Silber: I think he recognized the need to get rid of these capital controls quickly. The underlying problem was the potential for gold to be exported in large quantities. So he had to figure out a way to bring gold back in. Within a couple of weeks, he organized the Bureau of War Risk Insurance – which would ensure shipping cargos against loss due to war activities. He thought that would stimulate an increase in US agricultural exports like cotton, which would generate gold inflows. The combination of measures worked and allowed the New York Stock Exchange to reopen on December 12.

What others are saying:

Floyd Norris, The New York Times:
It would now be heresy to suggest that a country could gain international stature by closing its capital markets for a prolonged time, but an insightful new book by William L. Silber, an economist at New York University, argues that the closing of the New York Stock Exchange at the outbreak of World War I played a critical role...

The conventional view was that the exchange was closed to keep share prices from plunging.
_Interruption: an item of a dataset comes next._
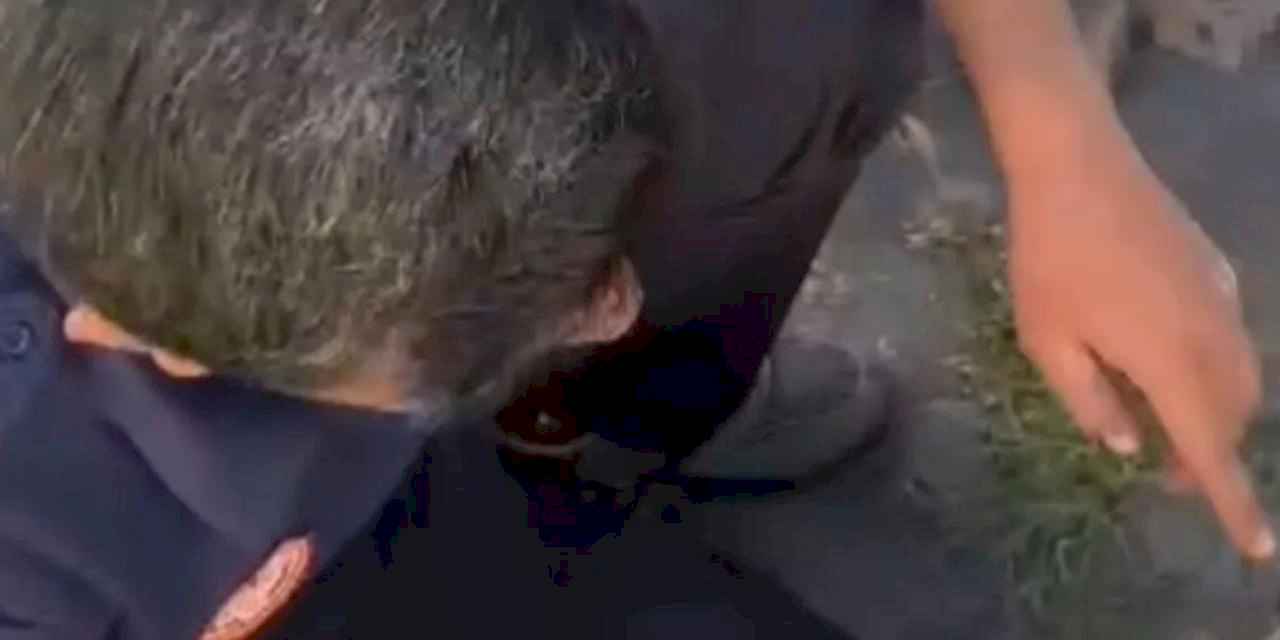 Büyükşehir İtfaiyesi, tehlikeye düşmüş tüm canlılara yardım elini uzatıyor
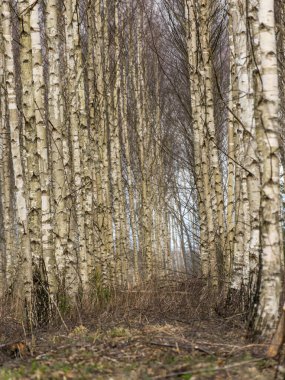 Bulanık bir arkaplanda huş gövdesi parçalarıyla bahar manzarası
But the book, When Washington Shut Down Wall Street, asserts that historians – and contemporary observers – had it wrong. …

By delaying the reopening of Wall Street and making sure that American grain was ready to be exported to Europe to bring in gold, the United States was able to stay on the gold standard and become an alternative to London as a financial capital. By late 1915, Britain and France were borrowing money in New York, denominated in dollars.

Carlos Lozada, The Washington Post:
In his fascinating work of financial history, When Washington Shut Down Wall Street, William L. Silber recounts the heroics of Treasury Secretary William McAdoo, who closed the New York Stock Exchange for more than four months – four months! – in 1914 to avert a larger economic crisis. European powers had begun to sell off their US stock holdings and convert their dollars into gold, which they shipped back home to finance World War I. But rather than let the desperate Europeans force the United States off the gold standard, the Treasury secretary brandished the NYSE “like a sledgehammer” against the gold drain and simply shut down the exchange. It was, as Silber explains, “a brilliant exercise of arbitrary power that helped propel the United States toward global financial supremacy.”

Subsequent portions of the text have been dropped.